Media Mix, Aug. 16, 2020

Here’s this week’s Media Mix about recent cases of child molestation by school teachers and childcare professionals. As pointed out in the column, the crime of sexual abuse generally becomes more difficult to prove and prosecute when the victim is a child because of the way children process that abuse. In many instances it isn’t until years later that the child realizes they were abused, though they had probably been carrying around the resulting pain and confusion in the intervening years. The Japanese government amended its sexual crimes law in 2017, making it stricter, but a relatively short statute of limitations remains and this year they are supposed to review the law again. Advocates for stricter laws are hoping to lengthen the statute of limitations for sex crimes or even get rid of it altogether, especially when it comes to sex crimes against minors.

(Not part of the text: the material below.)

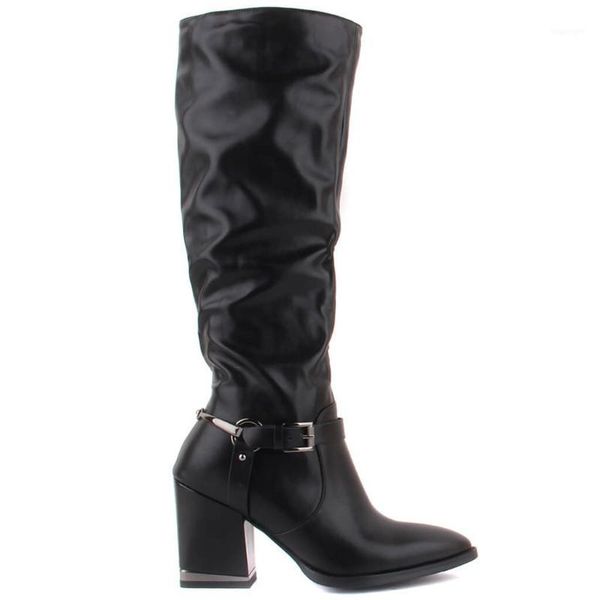 

boots guja-black color high-heeled women 's boots1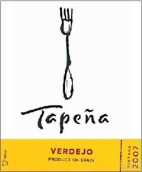 Tapena Verdejo Vino de la Tierra, Castilla La Mancha, Spain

Without a doubt, the more cases of sex crimes that are prosecuted the greater the awareness of child sexual abuse in the general population. This has already happened with child abuse in the past. Laws were made more strict and penalties were increased, and as a result more child abuse incidents are reported. It’s not so much that the incidence of child abuse has increased, but that cases of child abuse that may have been overlooked in the past are now being noticed more readily and reported to authorities. The same will happen with child sexual abuse, which is often more difficult to determine because the scars are psychological rather than physical and the perpetrators are usually adults in positions of authority whom the children are taught to respect, in particular teachers. According to the Sankei report I cited, in 2018, 282 school teachers in Japan were “punished” for improper touching of students, a record high. The number rose above 200 for the first time in 2013. Obviously, awareneness of child molestation in schools has grown in recent years, and a countermeasure I found interesting was one suggested by a lawyer, who said that sex education for elementary school children should be reinforced with lessons that explain what molestation is and how children can recognize and report it. What I find interesting is that teachers will be handling these classes, and while the number who are active pedophiles is very low (0.02-0.03% of all teachers in Japan receive punishment for touching students improperly), even those teachers will be confronted with their own actions during these lessons. In a sense, such lessons could have a multiplying effect of preventing sexual abuse, though, unfortunately, sex education, at least in public elementary schools, is frowned upon by many bureaucrats and politicians. They just feel uncomfortable having children listen to anything that has to do with sex, which, of course, is why there’s a problem in the first place.